Running analysis jobs for custom entity recognition - Amazon Comprehend

Running analysis jobs for custom entity recognition

You can run an asynchronous analysis job to detect custom entities in a set of one or more documents.

Before you begin

You need a custom entity recognition model (also known as a recognizer) before you can detect custom entities. For more information about these models, see Training custom entity recognizer models.

A recognizer that is trained with plain-text annotations supports entity detection for plain-text documents only. A recognizer that is trained with PDF document annotations supports entity detection for plain-text documents, images, PDF files, and Word documents. For files other than text files, Amazon Comprehend performs text extraction before running the analysis. For information about the input files, see Inputs for asynchronous custom analysis.

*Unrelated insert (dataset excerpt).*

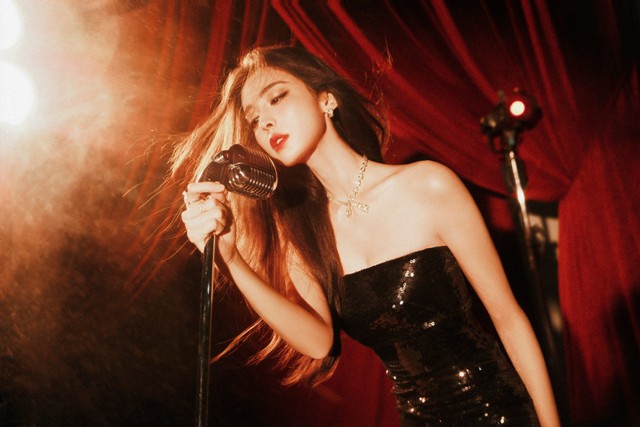 8 triệu người tìm xem mỹ nhân đẹp nhất Tân Cương được Thiên vương đình đám xin chụp ảnh cùng- Ảnh 3.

If you plan to analyze image files or scanned PDF documents, your IAM policy must grant permissions to use two Amazon Textract API methods (DetectDocumentText and AnalyzeDocument). Amazon Comprehend invokes these methods during text extraction. For an example policy, see Permissions required to perform document analysis actions.

To run an async analysis job, you perform the following overall steps:

  1. Store the documents in an Amazon S3 bucket.

  2. Use the API or console to start the analysis job.

  3. Monitor the progress of the analysis job.

  4. After the job runs to completion, retrieve the results of the analysis from the S3 bucket that you specified when you started the job.